**Your task**
An exact copy is the goal: every line from the one containing "Zaryadye Park Moscow Competition Design" to the end of the material below, pictures excluded.

**Given data**
——
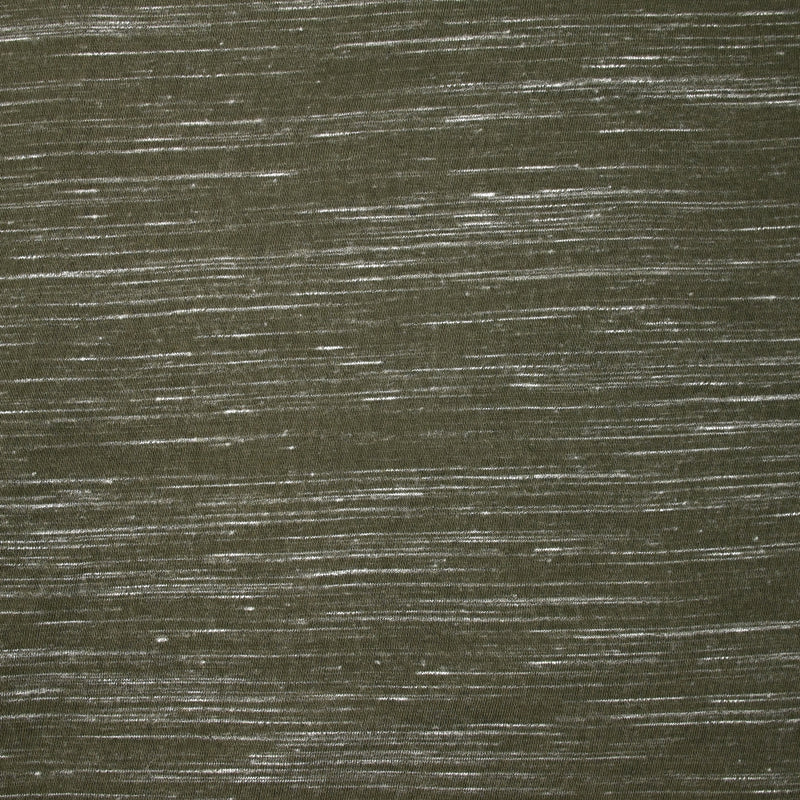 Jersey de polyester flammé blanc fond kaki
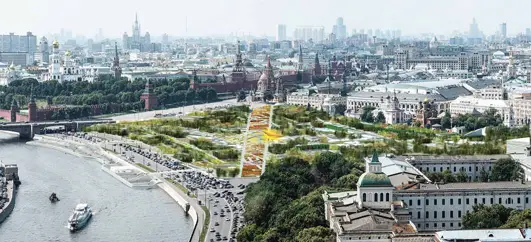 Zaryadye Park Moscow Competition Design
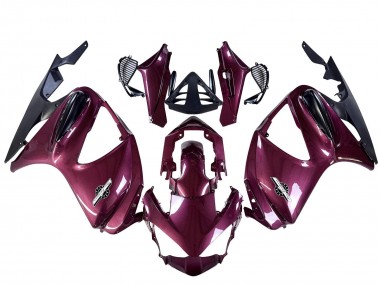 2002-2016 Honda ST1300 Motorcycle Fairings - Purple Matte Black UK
——
**Solution for this problem**
 Zaryadye Park Moscow Competition Design
 2002-2016 Honda ST1300 Motorcycle Fairings - Purple Matte Black UK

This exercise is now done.